## Exercise aim
From the first line to the last, transcribe the data exactly and skip the pictures.
• • •
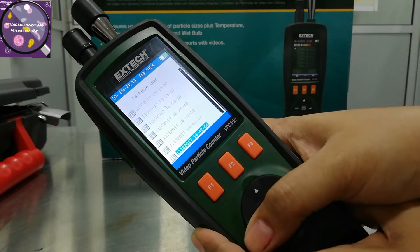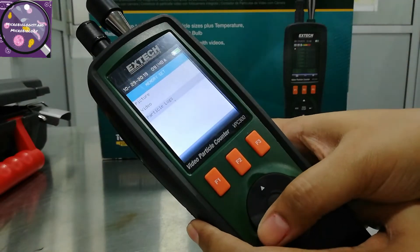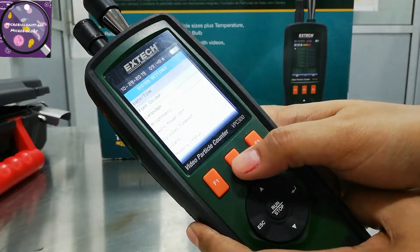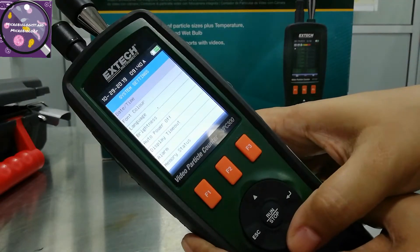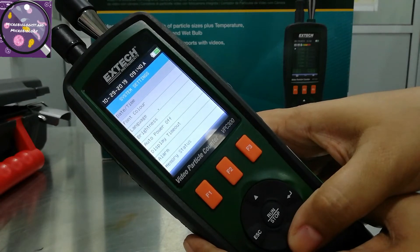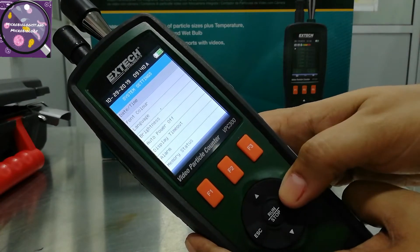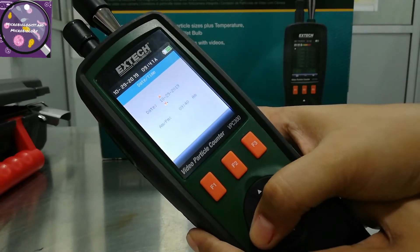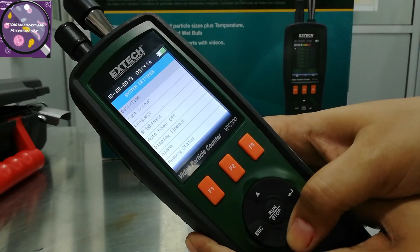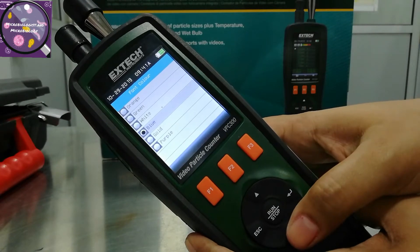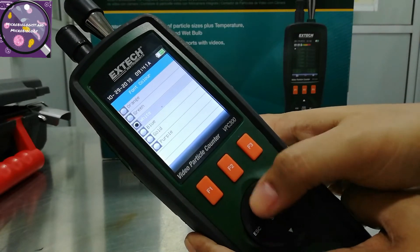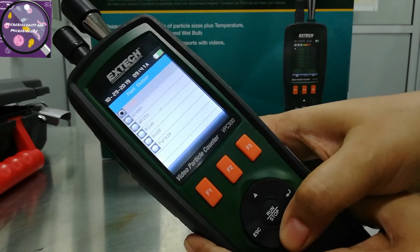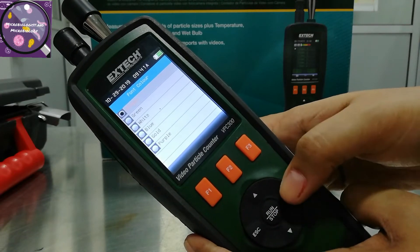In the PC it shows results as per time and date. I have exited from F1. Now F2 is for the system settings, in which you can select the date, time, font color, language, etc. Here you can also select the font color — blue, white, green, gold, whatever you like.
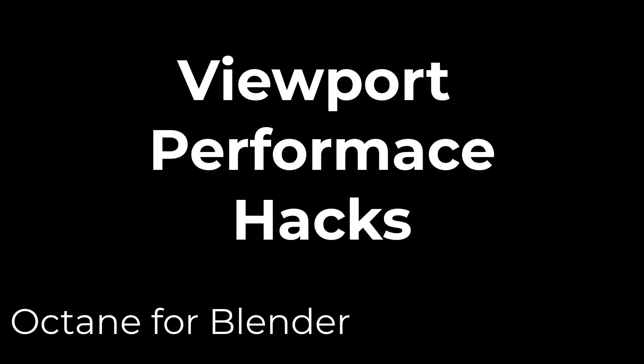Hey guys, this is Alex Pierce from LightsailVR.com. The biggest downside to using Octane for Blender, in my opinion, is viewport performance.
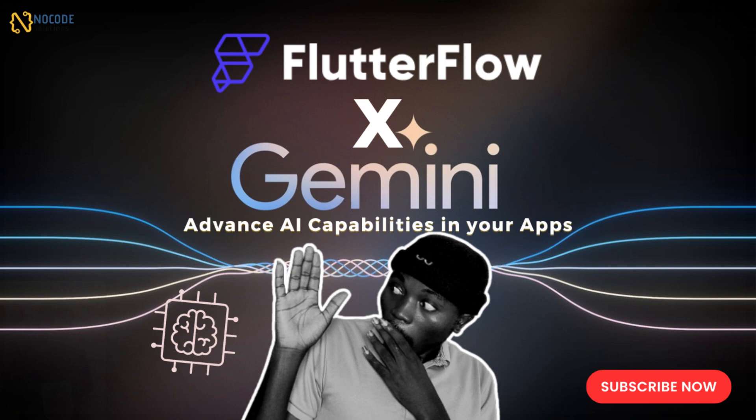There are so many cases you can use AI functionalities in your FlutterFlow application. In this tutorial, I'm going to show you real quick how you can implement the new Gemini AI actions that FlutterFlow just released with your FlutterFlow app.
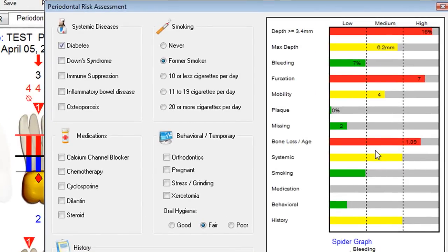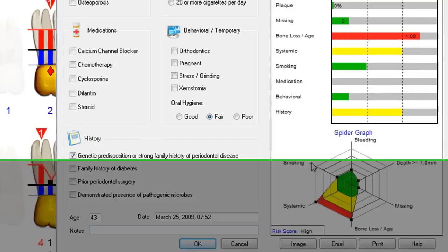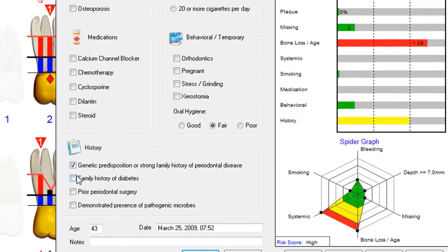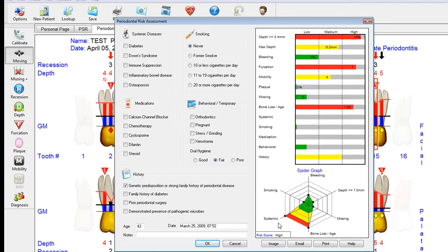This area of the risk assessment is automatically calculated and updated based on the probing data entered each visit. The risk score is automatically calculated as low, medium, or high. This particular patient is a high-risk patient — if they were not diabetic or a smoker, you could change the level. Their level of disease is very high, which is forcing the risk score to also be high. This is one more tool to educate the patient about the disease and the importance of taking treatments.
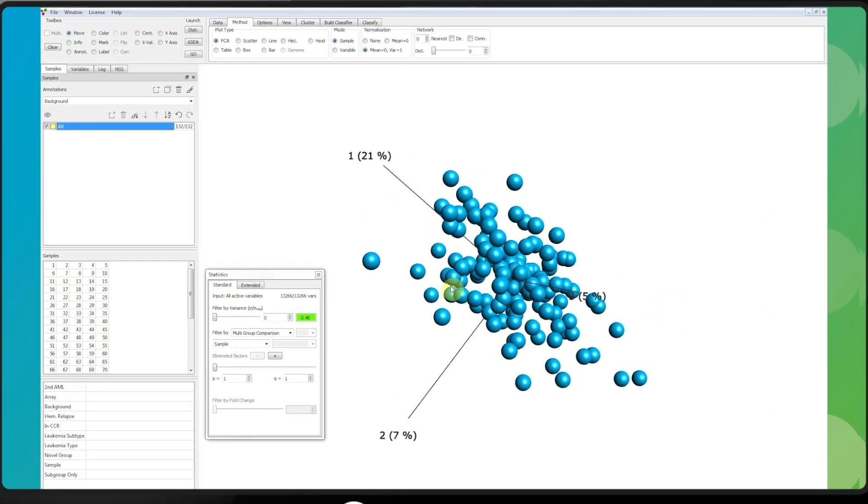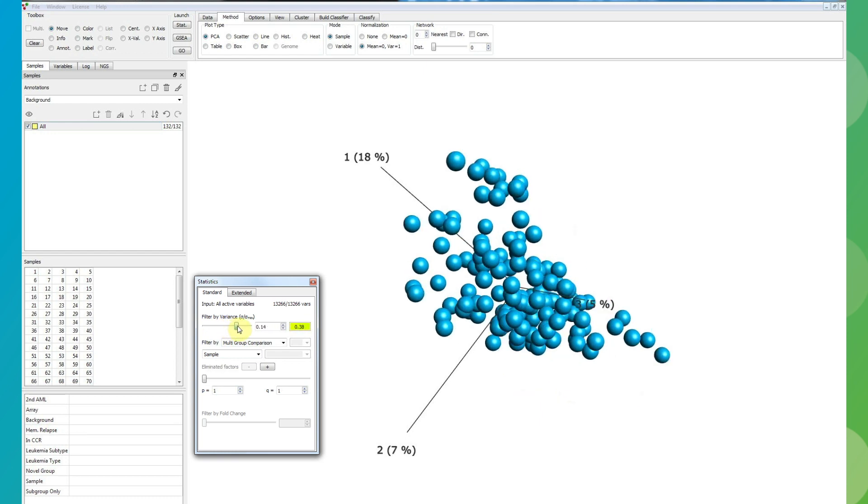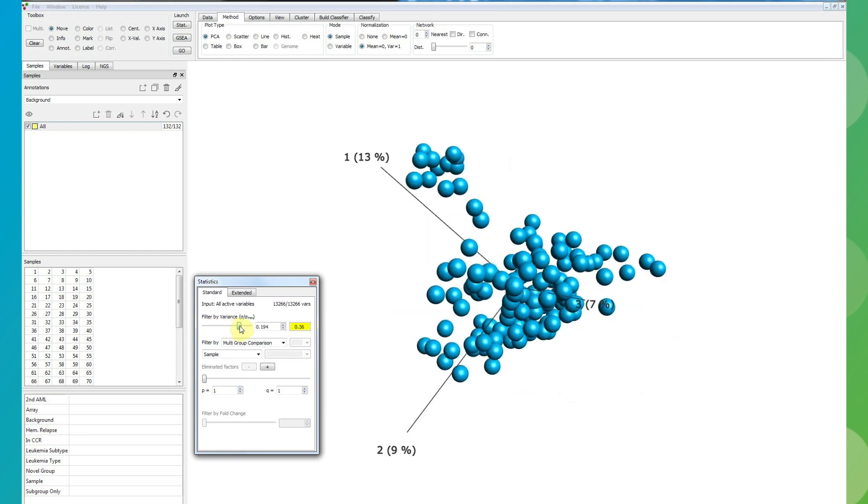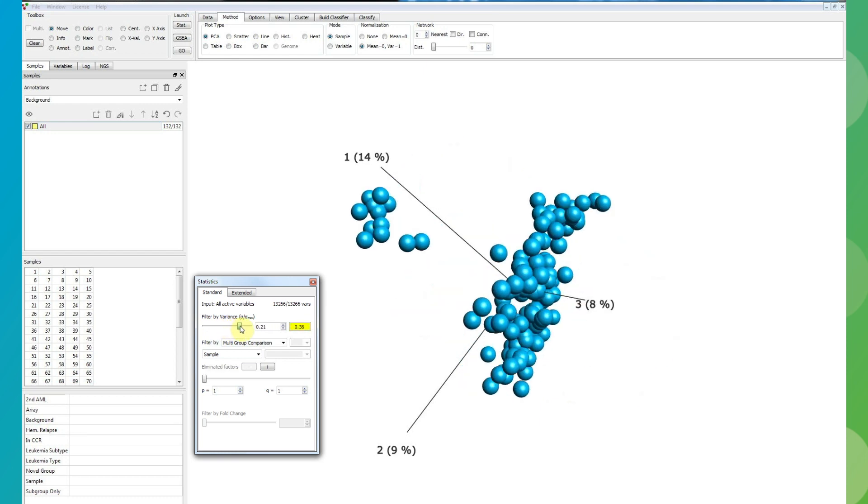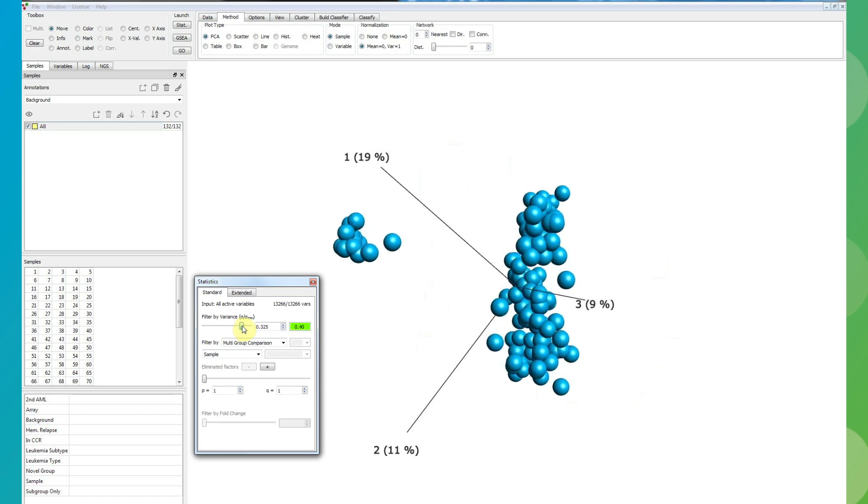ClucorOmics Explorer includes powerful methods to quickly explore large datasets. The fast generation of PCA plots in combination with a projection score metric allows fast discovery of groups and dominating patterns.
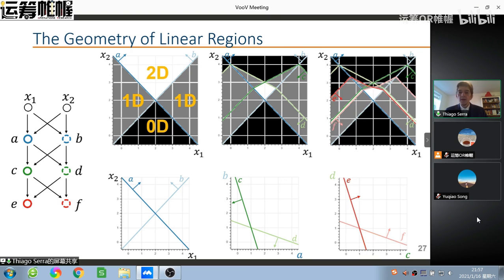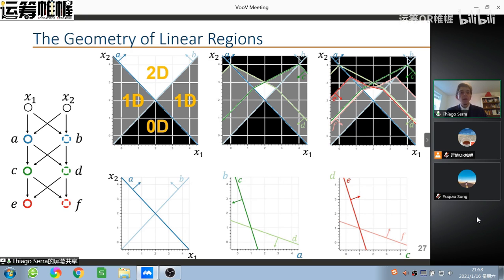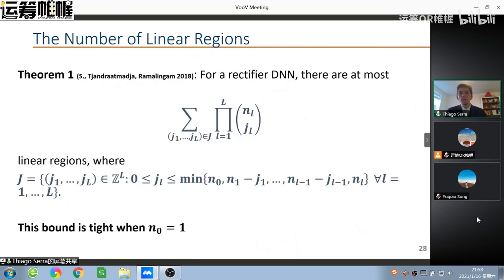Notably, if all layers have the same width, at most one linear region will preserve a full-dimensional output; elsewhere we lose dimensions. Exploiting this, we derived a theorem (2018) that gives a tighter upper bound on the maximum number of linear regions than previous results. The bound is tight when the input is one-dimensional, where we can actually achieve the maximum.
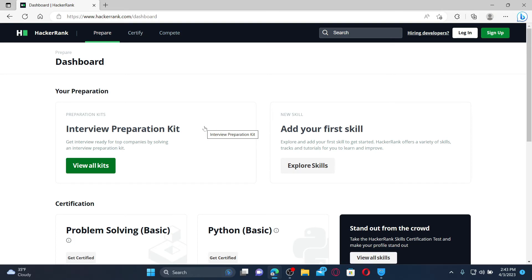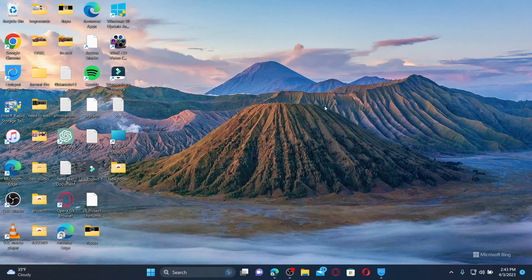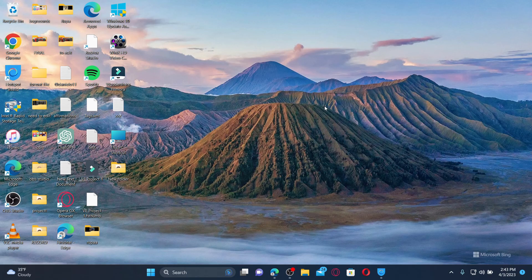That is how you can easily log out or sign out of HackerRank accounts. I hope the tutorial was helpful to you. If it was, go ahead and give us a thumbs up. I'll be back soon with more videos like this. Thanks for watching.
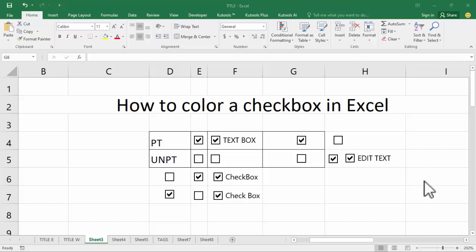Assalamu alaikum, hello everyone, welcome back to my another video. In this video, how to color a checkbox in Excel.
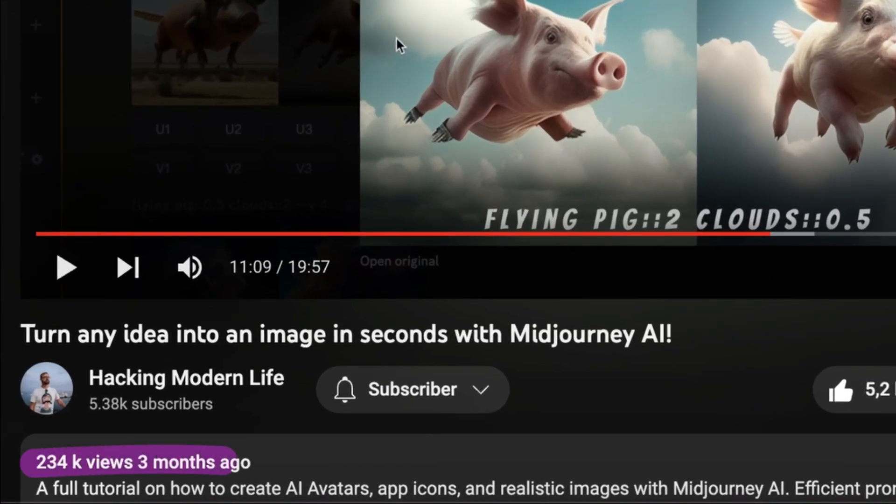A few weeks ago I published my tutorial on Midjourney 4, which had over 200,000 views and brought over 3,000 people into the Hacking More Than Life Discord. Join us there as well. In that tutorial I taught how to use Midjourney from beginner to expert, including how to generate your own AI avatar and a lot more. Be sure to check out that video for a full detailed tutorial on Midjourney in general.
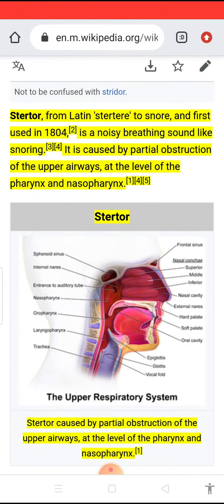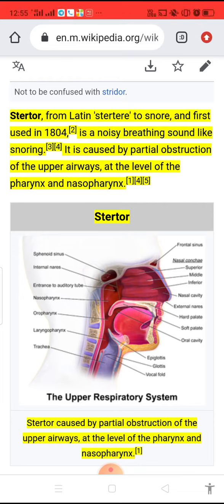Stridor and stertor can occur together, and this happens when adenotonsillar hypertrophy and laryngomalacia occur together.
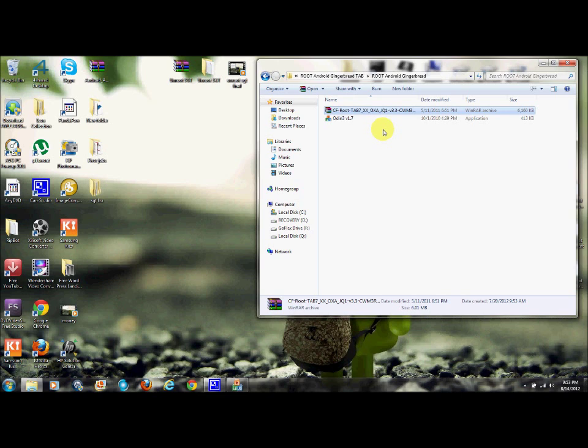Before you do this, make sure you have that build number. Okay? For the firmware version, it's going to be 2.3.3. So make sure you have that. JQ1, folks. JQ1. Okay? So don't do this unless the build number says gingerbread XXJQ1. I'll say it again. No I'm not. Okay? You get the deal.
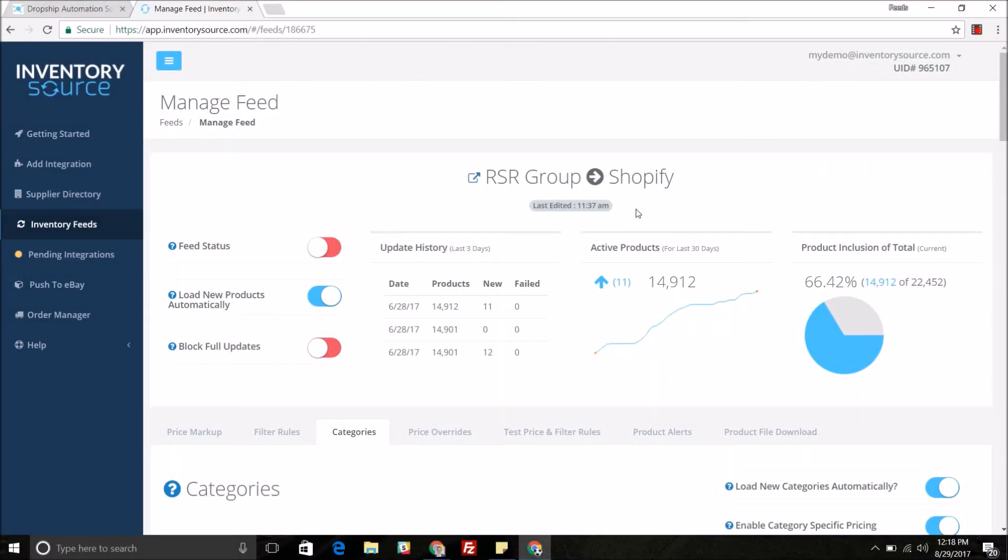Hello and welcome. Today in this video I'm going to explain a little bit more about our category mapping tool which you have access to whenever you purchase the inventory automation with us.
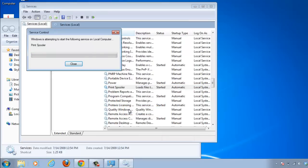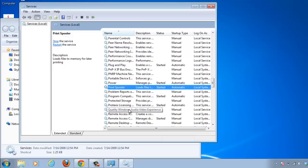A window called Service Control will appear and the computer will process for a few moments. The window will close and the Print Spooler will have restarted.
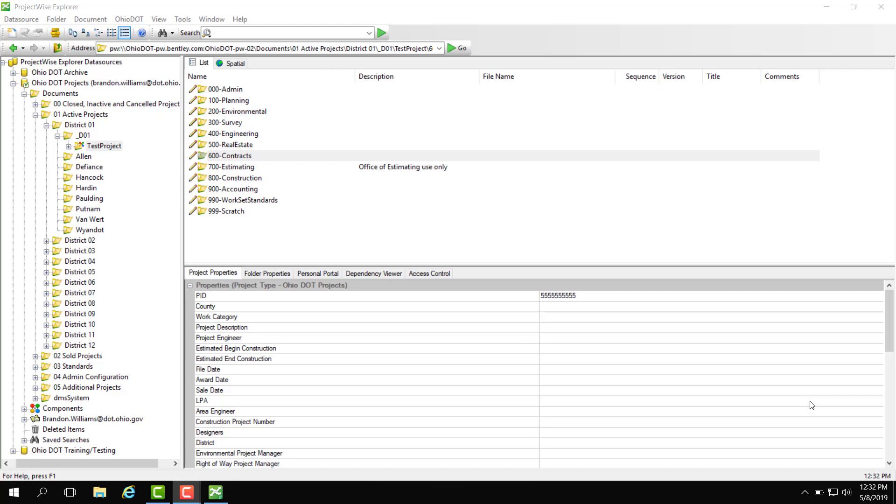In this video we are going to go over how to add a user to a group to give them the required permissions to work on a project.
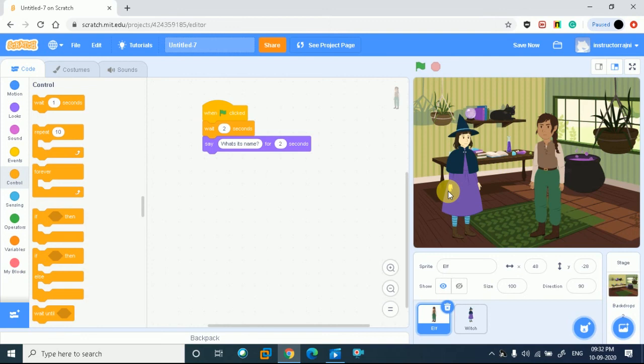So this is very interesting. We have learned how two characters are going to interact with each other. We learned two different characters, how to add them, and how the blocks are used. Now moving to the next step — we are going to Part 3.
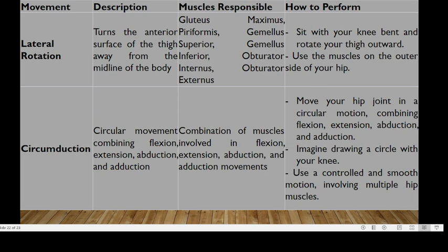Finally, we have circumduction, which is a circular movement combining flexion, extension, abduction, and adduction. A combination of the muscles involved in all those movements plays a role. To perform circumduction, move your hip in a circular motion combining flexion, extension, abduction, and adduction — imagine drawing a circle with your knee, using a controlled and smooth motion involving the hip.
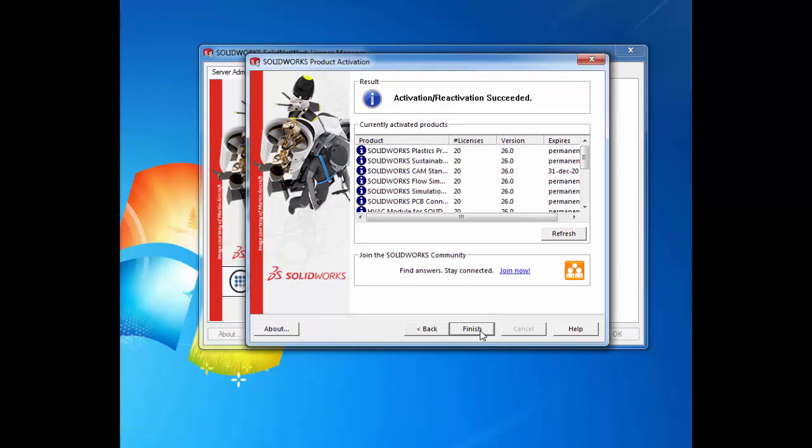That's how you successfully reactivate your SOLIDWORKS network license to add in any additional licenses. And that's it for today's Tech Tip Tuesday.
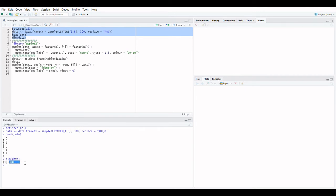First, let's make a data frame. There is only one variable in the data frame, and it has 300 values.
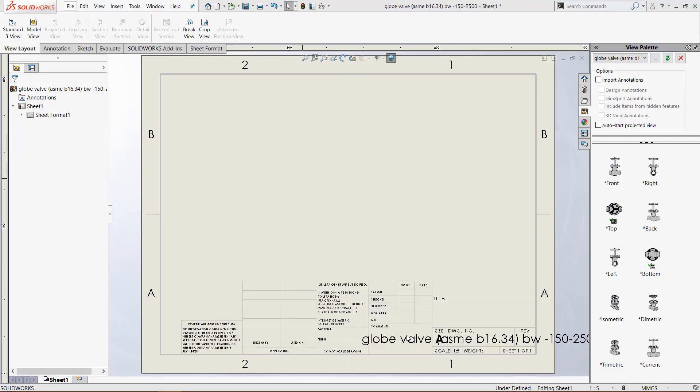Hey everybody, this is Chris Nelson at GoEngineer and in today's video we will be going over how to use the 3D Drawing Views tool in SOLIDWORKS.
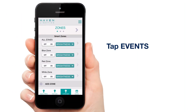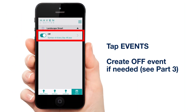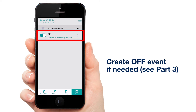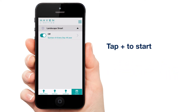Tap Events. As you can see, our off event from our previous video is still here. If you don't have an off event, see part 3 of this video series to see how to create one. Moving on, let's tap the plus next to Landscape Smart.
• • •
## Your solution
In the PC it shows results as per time and date. I have exited from F1. Now F2 is for the system settings, in which you can select the date, time, font color, language, etc. Here you can also select the font color — blue, white, green, gold, whatever you like.
Hey guys, this is Alex Pierce from LightsailVR.com. The biggest downside to using Octane for Blender, in my opinion, is viewport performance.
There are so many cases you can use AI functionalities in your FlutterFlow application. In this tutorial, I'm going to show you real quick how you can implement the new Gemini AI actions that FlutterFlow just released with your FlutterFlow app.
This area of the risk assessment is automatically calculated and updated based on the probing data entered each visit. The risk score is automatically calculated as low, medium, or high. This particular patient is a high-risk patient — if they were not diabetic or a smoker, you could change the level. Their level of disease is very high, which is forcing the risk score to also be high. This is one more tool to educate the patient about the disease and the importance of taking treatments.
ClucorOmics Explorer includes powerful methods to quickly explore large datasets. The fast generation of PCA plots in combination with a projection score metric allows fast discovery of groups and dominating patterns.
Notably, if all layers have the same width, at most one linear region will preserve a full-dimensional output; elsewhere we lose dimensions. Exploiting this, we derived a theorem (2018) that gives a tighter upper bound on the maximum number of linear regions than previous results. The bound is tight when the input is one-dimensional, where we can actually achieve the maximum.
That is how you can easily log out or sign out of HackerRank accounts. I hope the tutorial was helpful to you. If it was, go ahead and give us a thumbs up. I'll be back soon with more videos like this. Thanks for watching.
Assalamu alaikum, hello everyone, welcome back to my another video. In this video, how to color a checkbox in Excel.
A few weeks ago I published my tutorial on Midjourney 4, which had over 200,000 views and brought over 3,000 people into the Hacking More Than Life Discord. Join us there as well. In that tutorial I taught how to use Midjourney from beginner to expert, including how to generate your own AI avatar and a lot more. Be sure to check out that video for a full detailed tutorial on Midjourney in general.
Stridor and stertor can occur together, and this happens when adenotonsillar hypertrophy and laryngomalacia occur together.
Before you do this, make sure you have that build number. Okay? For the firmware version, it's going to be 2.3.3. So make sure you have that. JQ1, folks. JQ1. Okay? So don't do this unless the build number says gingerbread XXJQ1. I'll say it again. No I'm not. Okay? You get the deal.
Hello and welcome. Today in this video I'm going to explain a little bit more about our category mapping tool which you have access to whenever you purchase the inventory automation with us.
A window called Service Control will appear and the computer will process for a few moments. The window will close and the Print Spooler will have restarted.
In this video we are going to go over how to add a user to a group to give them the required permissions to work on a project.
So this is very interesting. We have learned how two characters are going to interact with each other. We learned two different characters, how to add them, and how the blocks are used. Now moving to the next step — we are going to Part 3.
Finally, we have circumduction, which is a circular movement combining flexion, extension, abduction, and adduction. A combination of the muscles involved in all those movements plays a role. To perform circumduction, move your hip in a circular motion combining flexion, extension, abduction, and adduction — imagine drawing a circle with your knee, using a controlled and smooth motion involving the hip.
That's how you successfully reactivate your SOLIDWORKS network license to add in any additional licenses. And that's it for today's Tech Tip Tuesday.
First, let's make a data frame. There is only one variable in the data frame, and it has 300 values.
Hey everybody, this is Chris Nelson at GoEngineer and in today's video we will be going over how to use the 3D Drawing Views tool in SOLIDWORKS.
Tap Events. As you can see, our off event from our previous video is still here. If you don't have an off event, see part 3 of this video series to see how to create one. Moving on, let's tap the plus next to Landscape Smart.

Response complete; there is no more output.